Skip to main content

As promised, ran a test of the grill level temperatures at various set points and attached the results.

Pellets: BBQer Delight Hickory
Indicator: Watlow 10 channel “J” type indicator, degree F
Probes: “J” type probes
Calibration: Melting Ice (32°F), simmering water (212°F)

All probes were within ±1°F of each other and the indicator was spanned and calibrated with the same criteria. Used three different type commercial food probes to verify readings.
Methodology: Placed probes in the locations as indicated; cycled setpoints, waited for control and then took readings.

Variables noted: Depending on whether the temperature was rising or falling made a difference in the reading. Also, the pellets falling into the fire pot affected the heat distribution. ie. piling to the back gave more heat on that side, etc.

Original Post

Replies sorted oldest to newest

Thanks Nordy. You are right, it is a bit confusing, but once you get the hang of the pellet drop, it makes more sense. But once the grill is there, it will be more clear.
Question: We were visiting with Eddy at the 50 year open house and he believes, if I understood him correctly, the temp swings will produce more smoke flavor. So applying that theory to the settings, have you found that to be valid?
Originally posted by Nordy:

I do buy into the "temp swings make smoke" theory. I've graphed both my FEC and my PG on a stoker and the "average" is right on with the set point.
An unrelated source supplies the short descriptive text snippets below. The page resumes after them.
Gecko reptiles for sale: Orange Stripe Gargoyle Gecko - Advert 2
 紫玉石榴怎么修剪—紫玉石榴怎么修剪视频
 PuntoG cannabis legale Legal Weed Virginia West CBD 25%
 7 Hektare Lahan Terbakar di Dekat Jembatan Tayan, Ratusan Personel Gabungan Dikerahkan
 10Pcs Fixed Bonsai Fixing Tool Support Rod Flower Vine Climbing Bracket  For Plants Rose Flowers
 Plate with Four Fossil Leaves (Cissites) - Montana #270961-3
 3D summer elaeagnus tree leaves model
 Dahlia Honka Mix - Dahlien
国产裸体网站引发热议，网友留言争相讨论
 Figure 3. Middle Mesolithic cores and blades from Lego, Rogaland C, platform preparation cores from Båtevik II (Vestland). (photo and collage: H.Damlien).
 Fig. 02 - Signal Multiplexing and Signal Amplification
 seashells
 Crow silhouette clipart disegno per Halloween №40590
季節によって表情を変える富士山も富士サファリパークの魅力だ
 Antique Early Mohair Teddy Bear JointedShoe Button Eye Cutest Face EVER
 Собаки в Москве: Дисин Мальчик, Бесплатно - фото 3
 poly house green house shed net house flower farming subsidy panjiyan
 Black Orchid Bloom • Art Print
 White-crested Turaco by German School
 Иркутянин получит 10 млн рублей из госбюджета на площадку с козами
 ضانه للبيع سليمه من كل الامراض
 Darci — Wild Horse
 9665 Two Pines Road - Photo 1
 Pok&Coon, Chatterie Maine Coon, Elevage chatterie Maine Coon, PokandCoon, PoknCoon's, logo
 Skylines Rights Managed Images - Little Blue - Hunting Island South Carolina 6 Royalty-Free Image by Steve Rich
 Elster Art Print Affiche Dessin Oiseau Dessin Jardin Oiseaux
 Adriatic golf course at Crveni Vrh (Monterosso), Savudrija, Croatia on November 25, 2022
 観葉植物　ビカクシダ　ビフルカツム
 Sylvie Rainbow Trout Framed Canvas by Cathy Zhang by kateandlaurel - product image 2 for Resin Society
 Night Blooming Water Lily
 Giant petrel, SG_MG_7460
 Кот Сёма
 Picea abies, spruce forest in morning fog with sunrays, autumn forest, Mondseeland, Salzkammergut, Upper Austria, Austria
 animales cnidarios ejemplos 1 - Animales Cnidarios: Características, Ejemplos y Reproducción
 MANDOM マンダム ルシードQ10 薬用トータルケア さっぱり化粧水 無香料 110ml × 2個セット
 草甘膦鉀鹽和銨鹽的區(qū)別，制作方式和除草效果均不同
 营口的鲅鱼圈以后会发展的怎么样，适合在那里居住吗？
If I "tighten" up the settings on my PG, I subjectively get less smoke...

I guess it's all subjective, but these are great pits...

I second this. Definitely can dial in how much smoke by temp swings. I've smoked a bunch of batches of almonds over the last couple of weeks and made a pound for my mom with lighter smoke by tightening up swings.

I have found you can almost over smoke things like chicken just like in the Sm models with high temp swings.

Add Reply

Link copied to your clipboard.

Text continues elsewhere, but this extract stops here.